You haven’t lived long enough ma’am. Hurts worse than the loss of the money.

Jet GgcE62 Nov 14, 2020

Ideas: long term capital gains

Magic Leap VRzD02 OP Nov 14, 2020

Thanks, one good input. So no way for short term trading, I see

Facebook public2 Nov 14, 2020

Shouldn't short term trade anyway unless you are trying to lose money to lower your taxes. You can write off 3k cap loss per year

Facebook public2 Nov 14, 2020

1) Never sell 2) If you do sell, sell after 1+ year

LinkedIn YUzH07 Nov 14, 2020

If you are not a resident you’ll pay 33% tax, no matter on how long you hold them

Carta cNWL57 Nov 14, 2020

Are you sure, LinkedIn?

Optum Xanadoo Nov 14, 2020

Depending on the value, I wouldn't try money laundering at federal scale...esp now as the IRS will be out for blood. Go long term and hope biden doesn't pass his 40% capital gains tax

State Farm Jake from Nov 14, 2020

It’s for capital gains of $1m+

Expedia Group notanymore Nov 14, 2020

Taxes apply to short term trading profits. If you dont want to owe taxes, you could adopt a buy high sell low strategy, really stick it to the IRS....show them who's boss.

Optum Xanadoo Nov 14, 2020

False

Expedia Group notanymore Nov 14, 2020

Whaddaya mean "false" ? my strategy (for OP) is sound....if he loses money on his trades, no taxes owed. It's a lot better than his idea of giving family members money to trade stocks on his behalf. That has disaster written all over it....

Google nJ3pC6 Nov 14, 2020

Wait will Biden increase capital gains tax to 40%? Oh man...

Optum Xanadoo Nov 14, 2020

Yes. This is why folks should focus on policy and not whatever you want to call this past election

Google nJ3pC6 Nov 14, 2020

I hope the election is nullified.

Blink Health yt4fg Nov 14, 2020

On the other hand, if you have losses you can't deduct it at 33 percent rate.

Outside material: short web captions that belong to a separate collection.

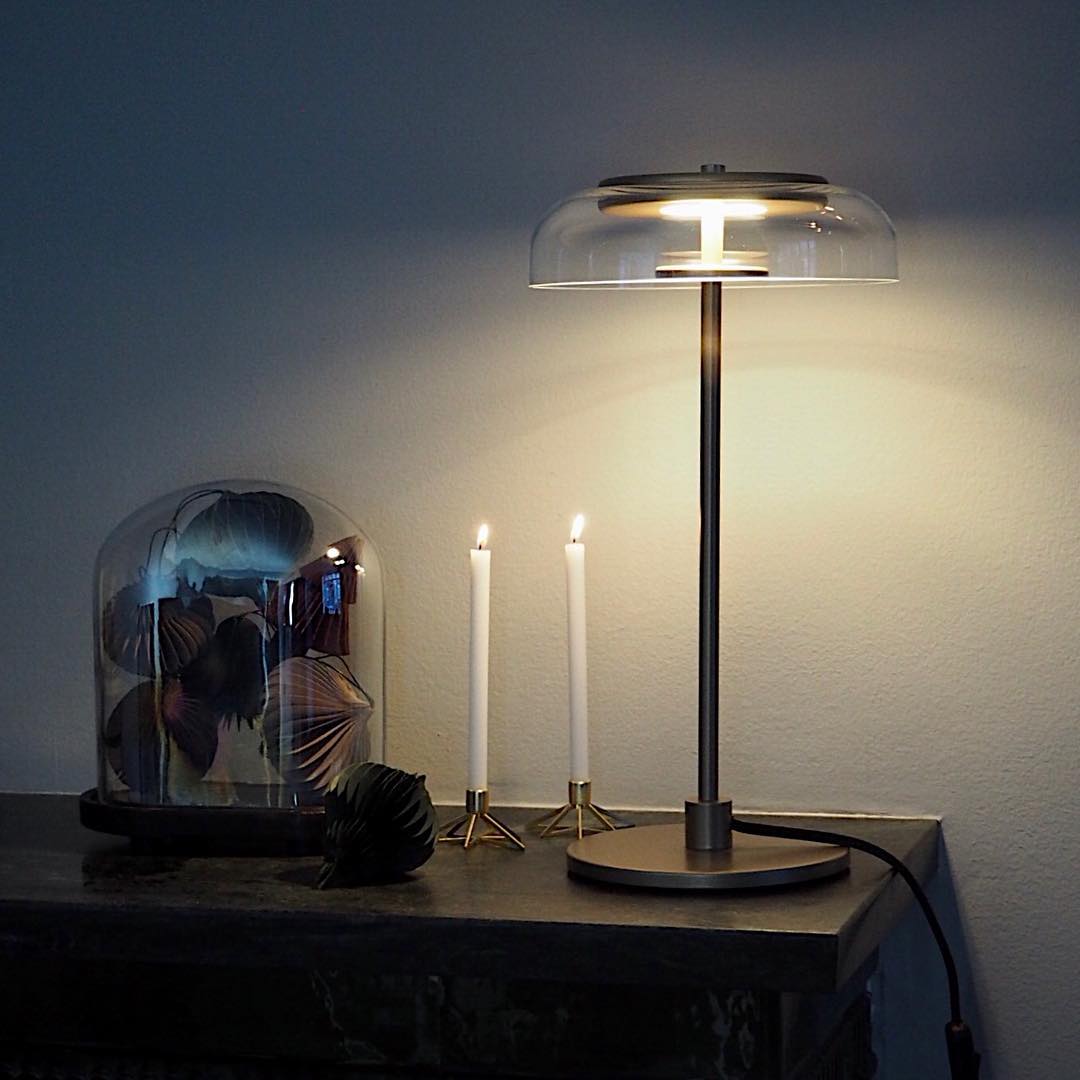 Solara Table Lamp – detail 2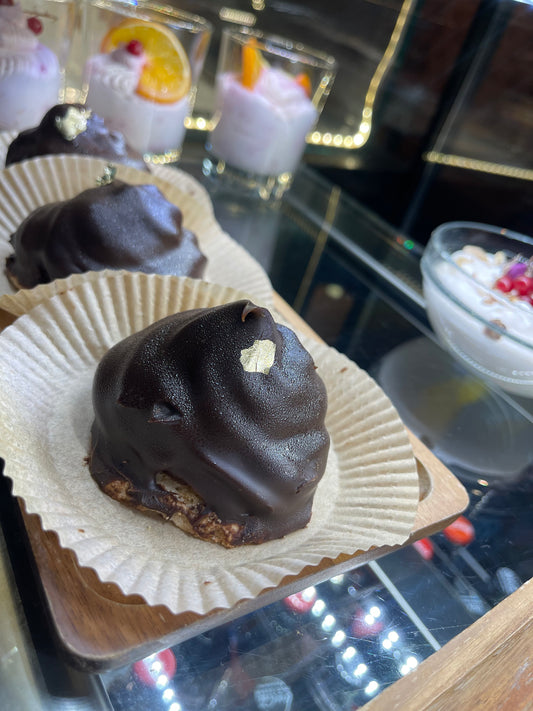 Gluten Free Sarah Bernard Cake | Catering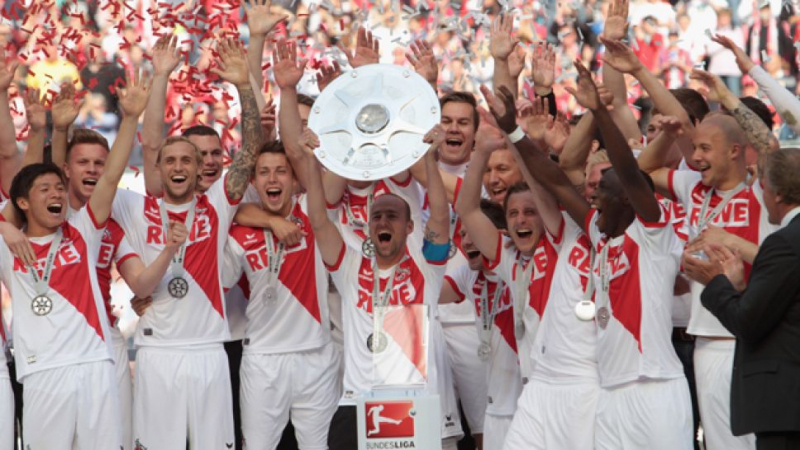 7 đội giành nhiều danh hiệu DFB-Pokal nhất trong lịch sử nước Đức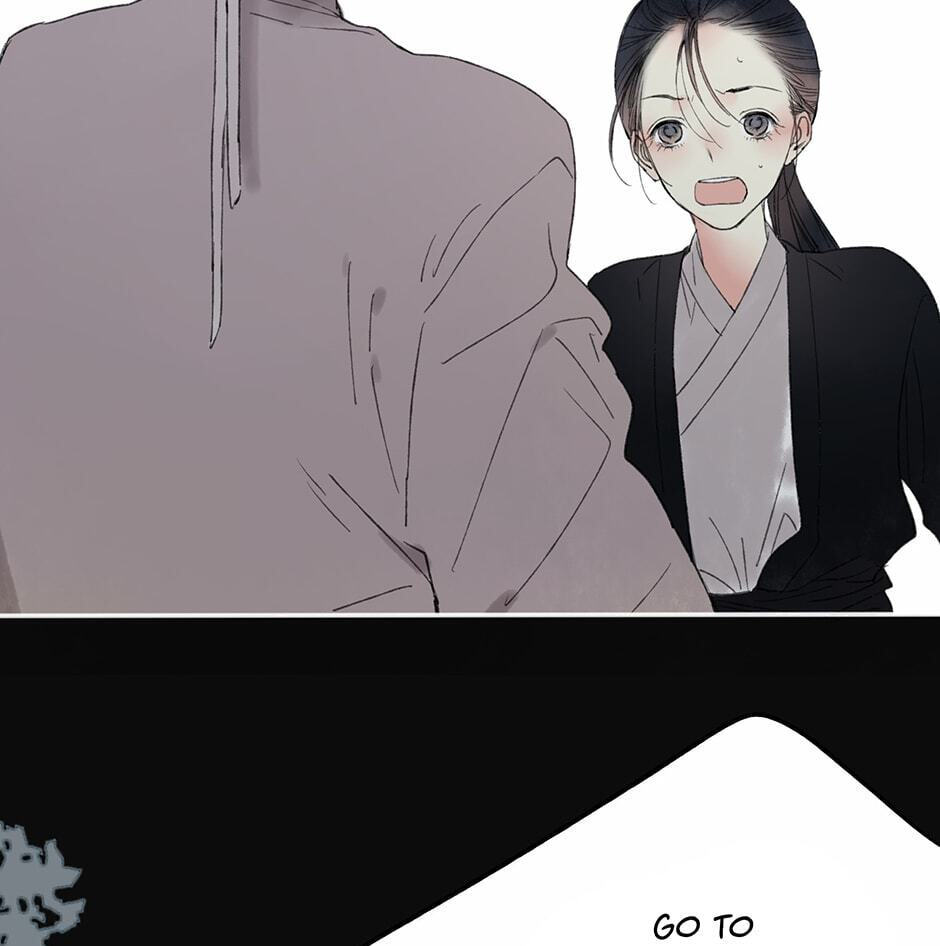 Read Yuanshan Qianlin chapter 19 image 95 on Lezhin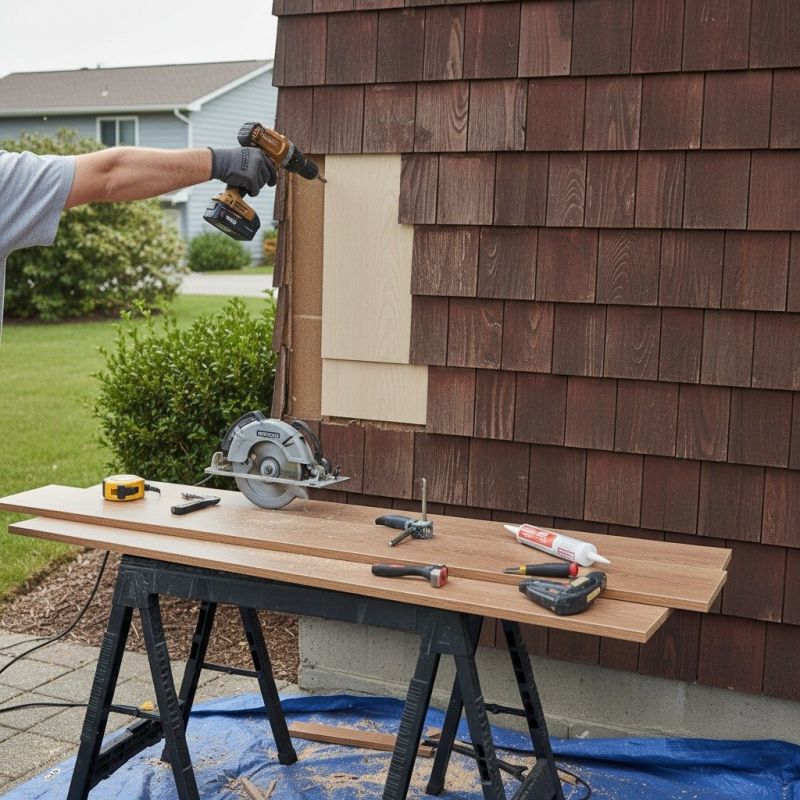 Top Siding Replacement Companies in Chicopee, MA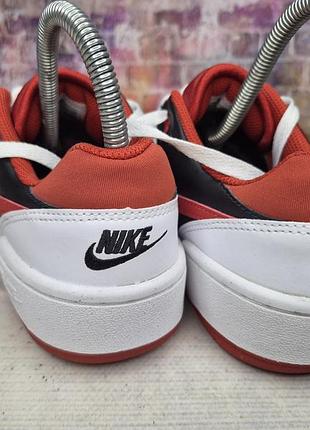 Кроссовки nike full force low 6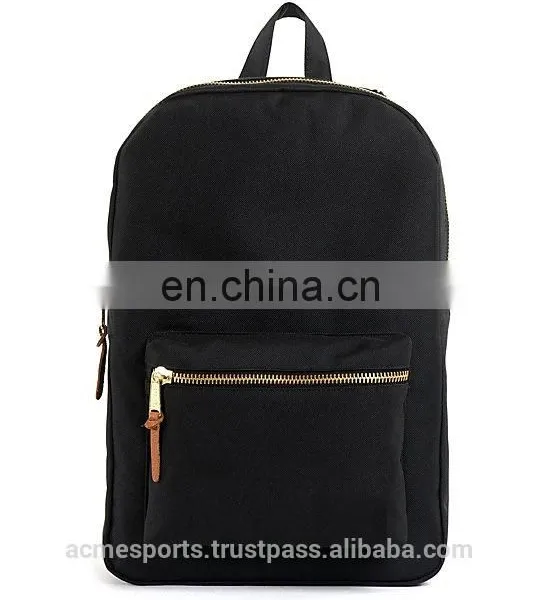 Backpack Bags - Quilted Leather Backpack Casual Unisex Fashion Bag photo-2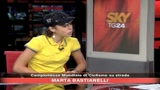 29/07/2008 - Non mi sono dopata, un errore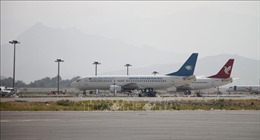 Sân bay quốc tế ở Kabul chuẩn bị hoạt động trở lại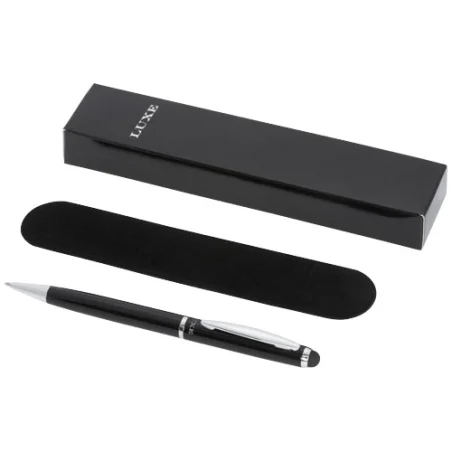 Stylo bille personnalisé Stylus Lento Stylo bille personnalisé Stylus Lento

And you will have to deal with gift tax rules or prove that it wasn't a gift to irs. I'd strongly advise against this idea if you want peace of mind. If you do invest in family member account, keep it under 10k.

Amazon irunknee Nov 14, 2020

Buy, hold, and never sell. For better results, buy BRK.B, hold, never sell, and never pay dividend tax drag.

Citadel C++23 Nov 15, 2020

BRK underperforms the market in the past decade though...

Amazon irunknee Nov 15, 2020

Maybe if you’re very selective with which 10 year timeframe. 98% of them, no.

Amazon doceyjon Nov 14, 2020

You have to pay taxes for Robinhood trades???? Why is this not in their T&Cs? I will never financially recover from this!